To apply the database model to the problems of fragmentation and mTHP
you could have a file for every page size.  All your offsets would be
aligned.  Similar to what Chuanhua Han is proposing in the swap device
on another subthread.

Here is an example of how filesystems would make this all so easy.

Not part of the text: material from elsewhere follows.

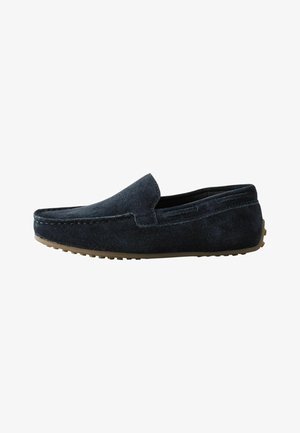 Mocassin pour homme en daim bleu foncé avec détails de couture et semelle en caoutchouc beige, présenté de profil sur un fond blanc.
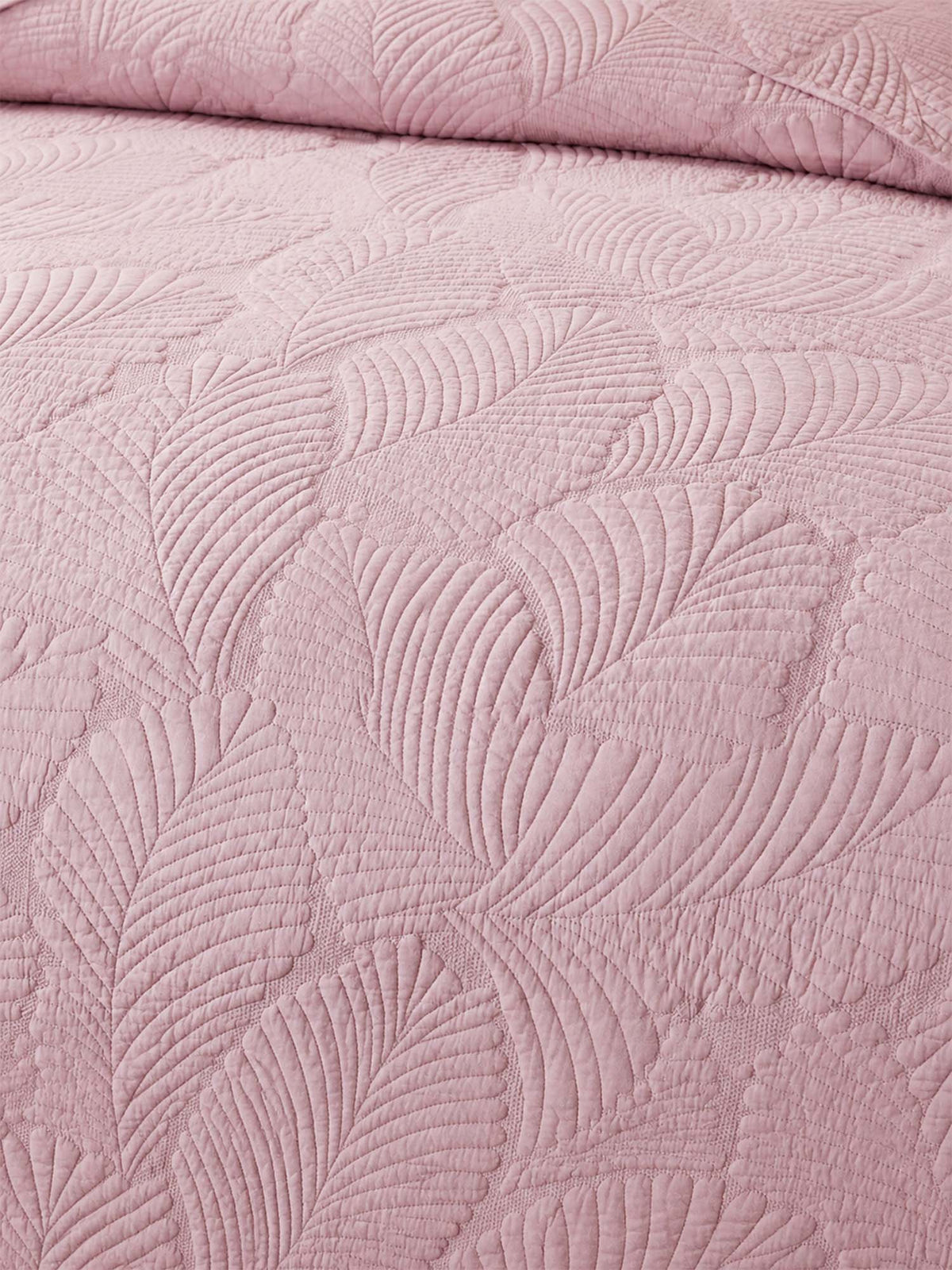 Leaf Texture Quilted 3-Piece Bedding Set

Let's assume you have a 20GB filesystem so you set it up with a 10GB
file for 4KB pages and 10GB for mTHP.  Then overtime workloads change
and the 4KB is only using 2GB while the mTHP needs more space so you
decide to add 5GB to the mTHP taking it from the 4KB.  However, while
the 4KB is largely unutilized there is a valid entry at the last
offset, you can't truncate the file without moving entries.  If you
fallocate(FALLOC_FL_PUNCH_HOLE) when you free entries then you end up
with a sparse file and can easily grow the mTHP file to 15GB.  You end
up with 25GB of logical space on the 20GB disk no problem.